• ACTIVITY
Look through the data below for the line with "HentaiVN.net - Ảnh" and the line with "WD Red Plus", then output those two and all lines in between, exactly as written.

• DATA
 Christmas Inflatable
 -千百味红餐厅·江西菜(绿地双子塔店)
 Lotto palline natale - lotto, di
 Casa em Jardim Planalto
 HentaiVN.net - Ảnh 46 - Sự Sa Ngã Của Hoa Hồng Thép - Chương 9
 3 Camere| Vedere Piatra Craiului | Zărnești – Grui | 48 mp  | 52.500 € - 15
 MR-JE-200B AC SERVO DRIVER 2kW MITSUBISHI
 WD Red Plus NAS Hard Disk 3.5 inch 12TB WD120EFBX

* * *

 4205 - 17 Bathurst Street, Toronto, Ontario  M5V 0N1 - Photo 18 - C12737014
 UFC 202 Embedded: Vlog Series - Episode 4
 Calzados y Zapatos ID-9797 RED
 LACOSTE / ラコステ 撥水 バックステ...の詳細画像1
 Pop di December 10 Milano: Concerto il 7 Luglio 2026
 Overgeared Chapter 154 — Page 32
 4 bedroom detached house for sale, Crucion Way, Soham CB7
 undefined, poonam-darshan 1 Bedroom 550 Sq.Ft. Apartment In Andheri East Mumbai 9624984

==

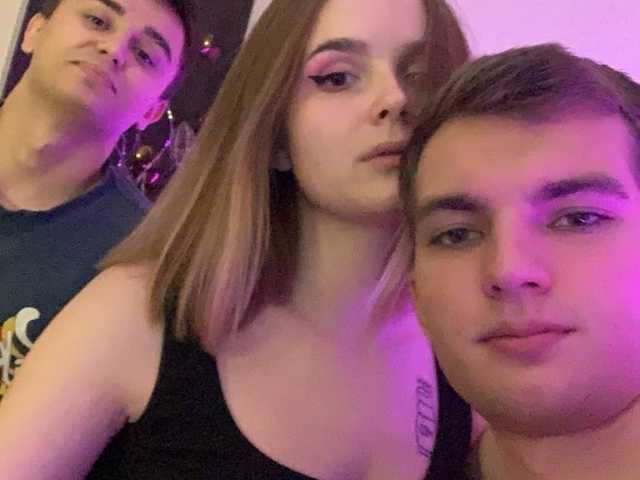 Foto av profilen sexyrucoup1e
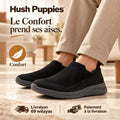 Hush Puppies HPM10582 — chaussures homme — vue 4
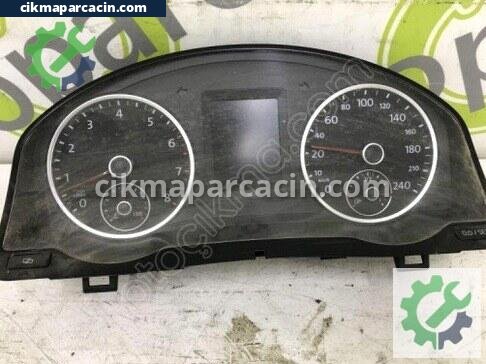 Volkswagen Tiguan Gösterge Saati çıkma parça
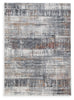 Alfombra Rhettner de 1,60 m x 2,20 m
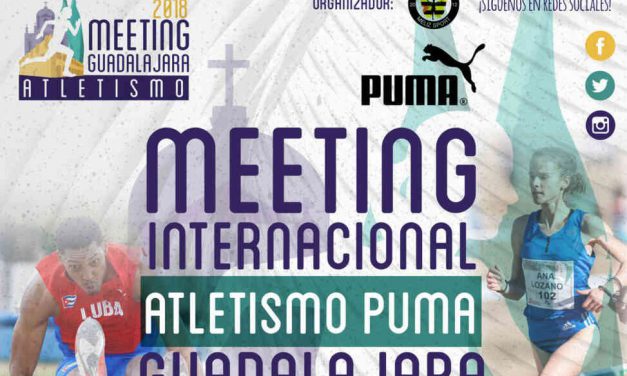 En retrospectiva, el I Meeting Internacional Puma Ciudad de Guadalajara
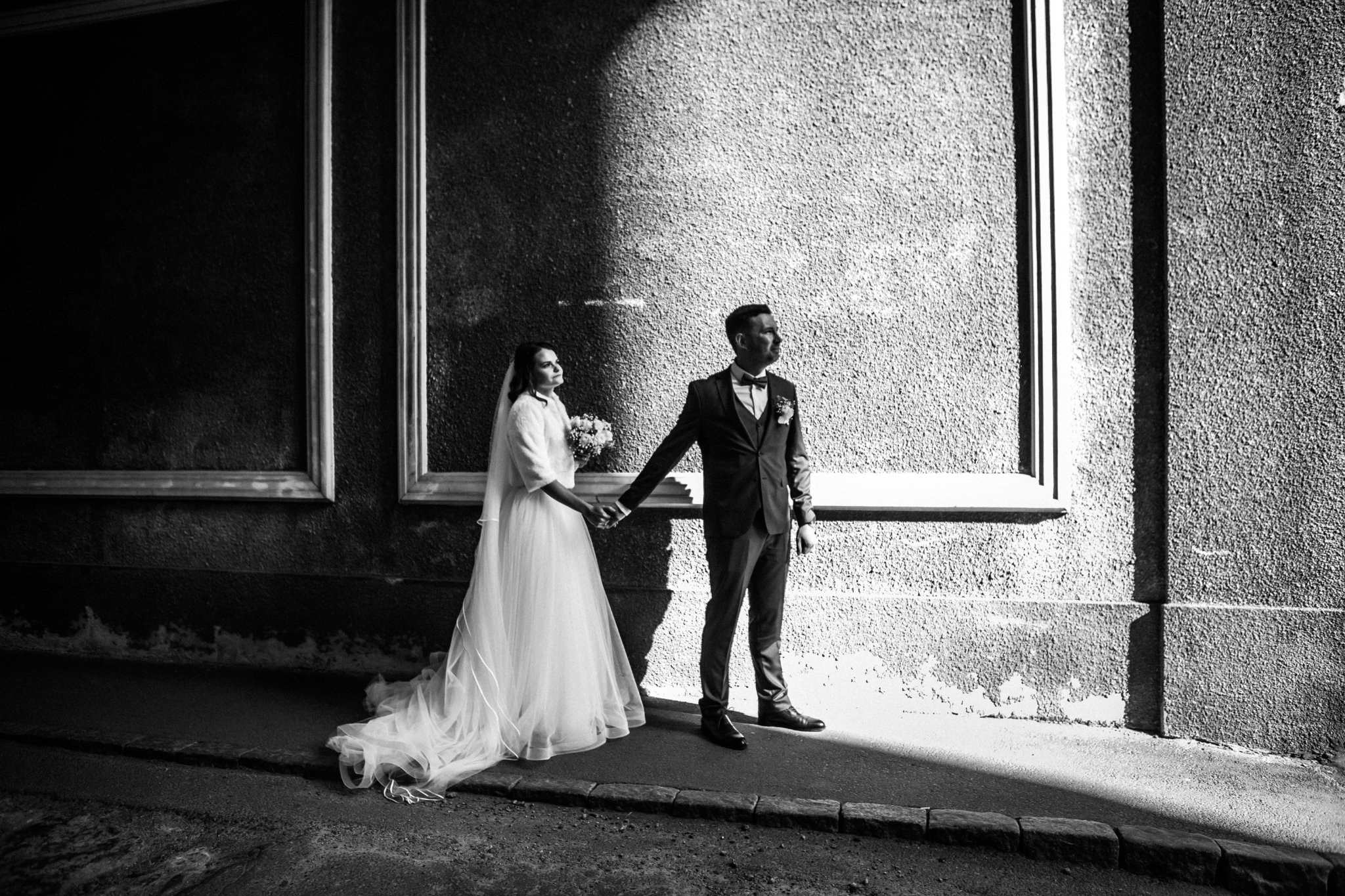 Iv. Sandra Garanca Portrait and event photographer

• ANSWER SECTION
 HentaiVN.net - Ảnh 46 - Sự Sa Ngã Của Hoa Hồng Thép - Chương 9
 3 Camere| Vedere Piatra Craiului | Zărnești – Grui | 48 mp  | 52.500 € - 15
 MR-JE-200B AC SERVO DRIVER 2kW MITSUBISHI
 WD Red Plus NAS Hard Disk 3.5 inch 12TB WD120EFBX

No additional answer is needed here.